GIVEN RECORDS
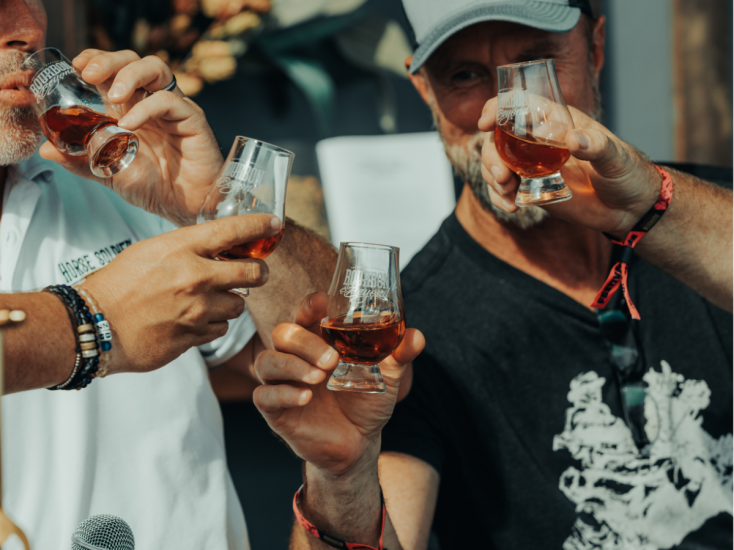 Men raising glasses of bourbon at Bourbon & Beyond, showcasing camaraderie and celebration with amber drinks in hand.
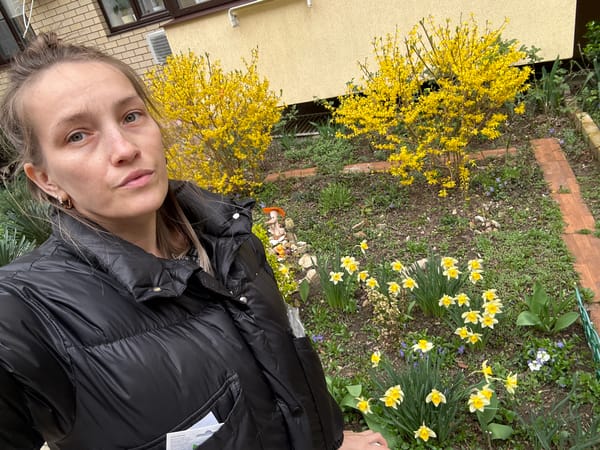 Woman enjoys spring blooms in Anapa garden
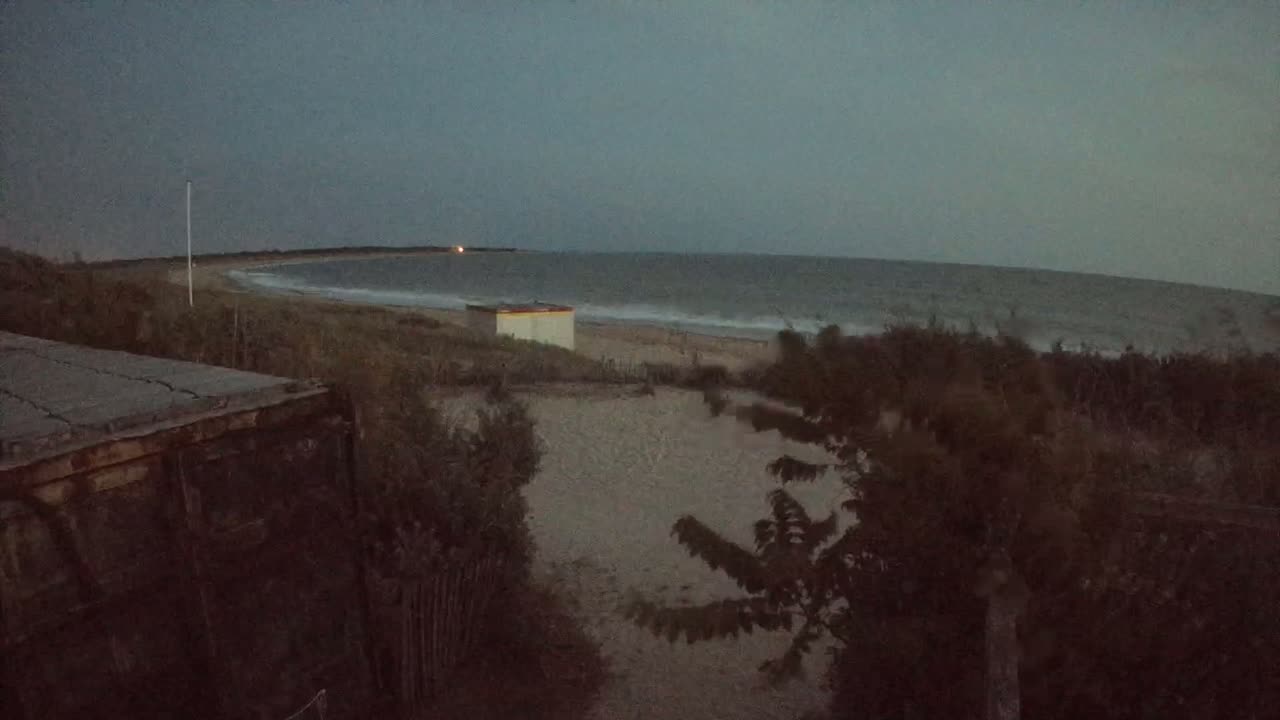 A dark, overcast beach scene shows a sandy shore, a small building, and a gray, wavy ocean under a gloomy sky.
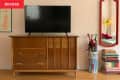 Before: Pink living room with a TV propped on a natural wood vintage sideboard in a medium brown tone.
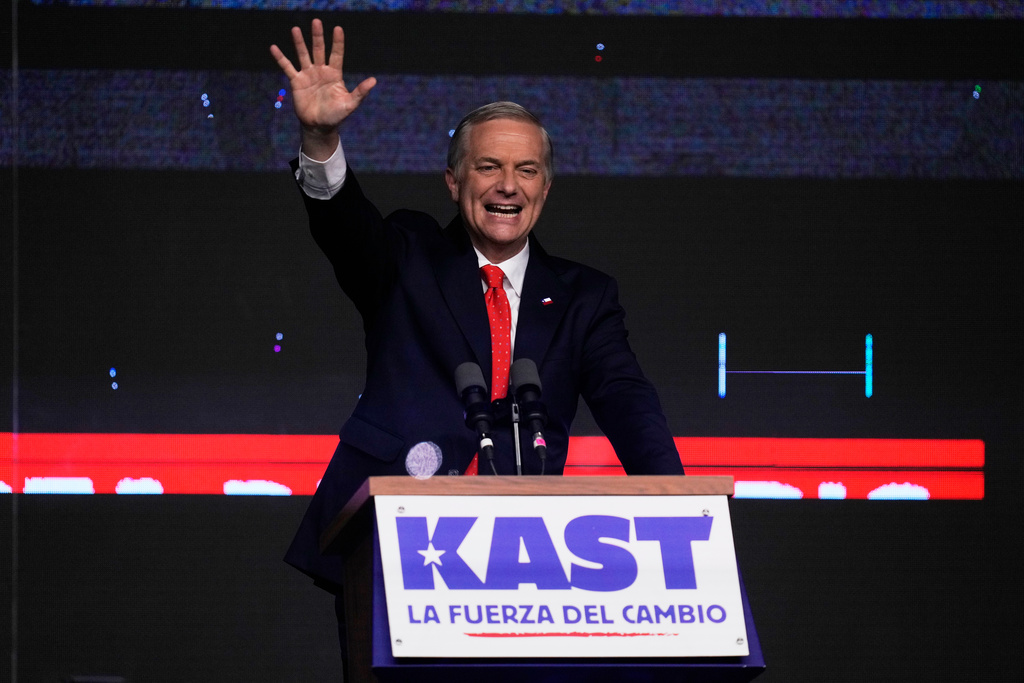 Presidential candidate Jose Antonio Kast of the Republican Party, waves to supporters after early results in the general elections in Santiago, Chile, Sunday, Nov. 16, 2025. (AP Photo/Esteban Felix)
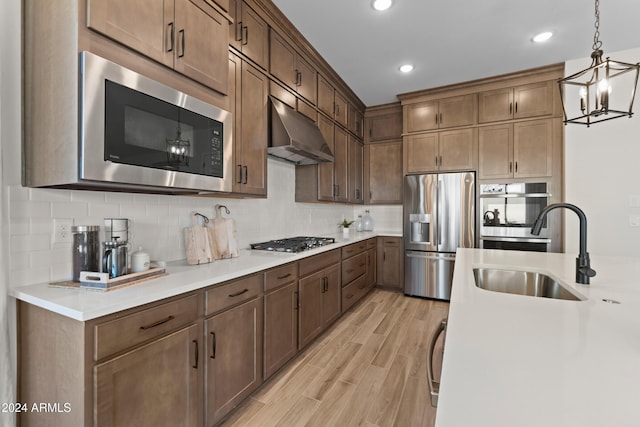 kitchen with sink, hanging light fixtures, appliances with stainless steel finishes, light hardwood / wood-style floors, and a chandelier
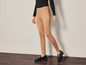 Leggings en daim marron avec des mocassins noirs.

EXERCISE AIM
Only the lines from the beginning of the records through the line bearing "A dark, overcast" belong in the answer, copied word for word with pictures left out.

EXERCISE RESULT
 Men raising glasses of bourbon at Bourbon & Beyond, showcasing camaraderie and celebration with amber drinks in hand.
 Woman enjoys spring blooms in Anapa garden
 A dark, overcast beach scene shows a sandy shore, a small building, and a gray, wavy ocean under a gloomy sky.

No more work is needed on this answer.